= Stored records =
========================================

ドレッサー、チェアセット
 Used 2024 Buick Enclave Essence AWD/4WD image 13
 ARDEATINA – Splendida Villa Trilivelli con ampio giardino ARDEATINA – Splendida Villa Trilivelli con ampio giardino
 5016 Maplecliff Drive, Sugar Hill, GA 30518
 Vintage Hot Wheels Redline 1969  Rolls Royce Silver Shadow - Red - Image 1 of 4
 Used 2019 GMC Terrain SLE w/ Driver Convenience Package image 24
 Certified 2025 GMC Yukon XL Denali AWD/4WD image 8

========================================

= TASK DESCRIPTION =
Your reply should consist of the records, copied exactly.

= EXERCISE RESPONSE =
ドレッサー、チェアセット
 Used 2024 Buick Enclave Essence AWD/4WD image 13
 ARDEATINA – Splendida Villa Trilivelli con ampio giardino ARDEATINA – Splendida Villa Trilivelli con ampio giardino
 5016 Maplecliff Drive, Sugar Hill, GA 30518
 Vintage Hot Wheels Redline 1969  Rolls Royce Silver Shadow - Red - Image 1 of 4
 Used 2019 GMC Terrain SLE w/ Driver Convenience Package image 24
 Certified 2025 GMC Yukon XL Denali AWD/4WD image 8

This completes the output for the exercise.